Woodwind musical instrument with a fipple

The dentsivka (Денцівка) is a woodwind musical instrument with a fipple (mouthpiece). In traditional instruments, the tuning varies with the length of the tube. It is made in a variety of different sizes: the piccolo (tuned in F), prima (in C), alto (in G), tenor (in F), and bass (in C).

Two varieties of the instrument are the dvodentsivka and the pivtoradentsivka.

==Description==
The dentsivka is a woodwind musical instrument. It differs from a sopilka in that, like the western European recorder, it has a fipple (mouthpiece), and so is classified as a duct flute.

A dentsivka is made from a tube of wood approximately 30 to 40 cm long. Tone holes are cut (or burnt) into the tube and the fipple is made at one end. If the fipple is on the top of the instrument on the same plane as the playing holes, instead of the underside, the instrument is technically a kosa dudka (Коса дудка), though the distinction is not often made. The internal diameter is usually 12 to 14 mm, with the walls of the tube being 2 to 3 mm thick. In traditional instruments, the tuning varies with the length of the tube.
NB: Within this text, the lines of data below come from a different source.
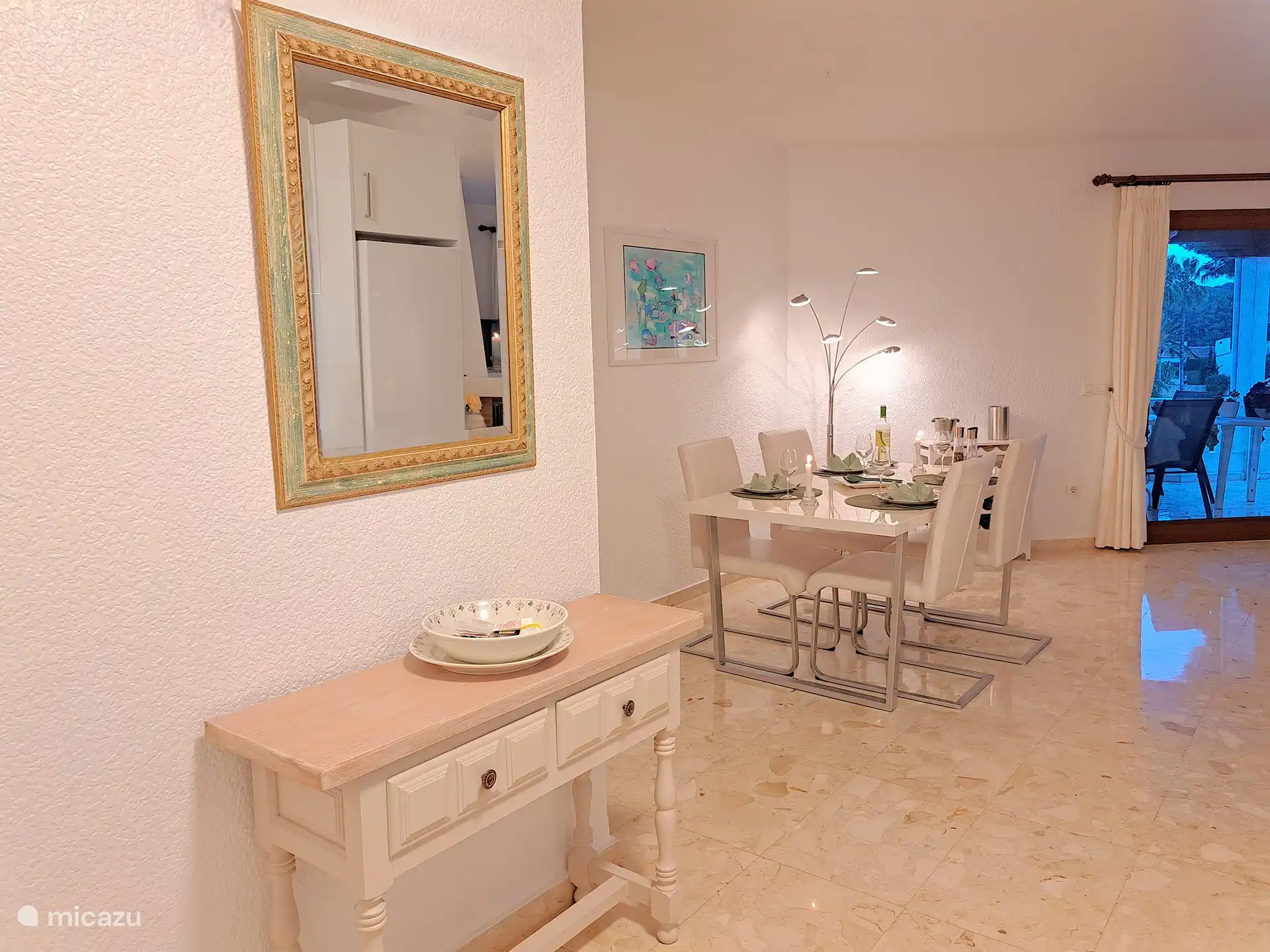 Vue de la table à manger depuis la cuisine.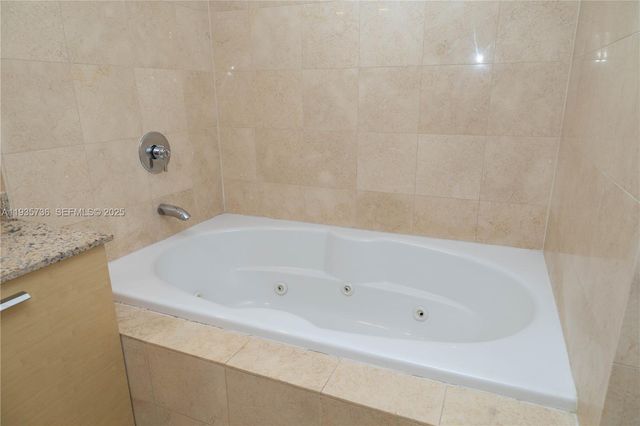 1800 S Ocean Dr 908, Hallandale Beach, FL 33009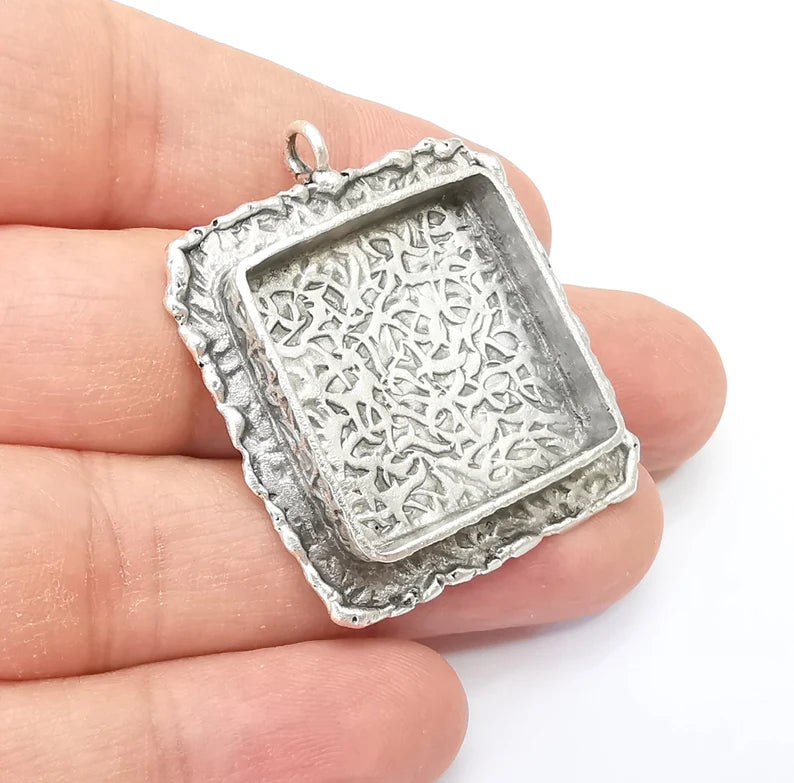 Hammered Pendant Blanks, Resin Bezel, Cabochon Bases, Mosaic Mountings, Dry flower Frame, Polymer Clay, Antique Silver Brass (25mm) G33597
The notes produced are usually diatonic, with a range of two and a half octaves.

Some dentsivkas from Western Ukraine have five tone holes. In recent times, chromatic ten-hole fingering has been developed for this instrument that has carried on to most of the other instruments in the sopilka family.

The dentsivka is made in a variety of different sizes: the piccolo (tuned in F), prima (in C), alto (in G), tenor (in F), and bass (in C).

==Dvodentsivka and pivtoradentsivka==
The dvodentsivka is made by joining two dentsivkas together into one instrument.

The pivtoradentsivka (Півтораденцівка) consists of two dentsivkas joined together, but with only one of the pipes having fingerholes, the other acting as a drone. The drone pipe in a pivtoradentsivka is usually shorter than the playing pipe. The instrument has the same fingering as the standard dentsivka.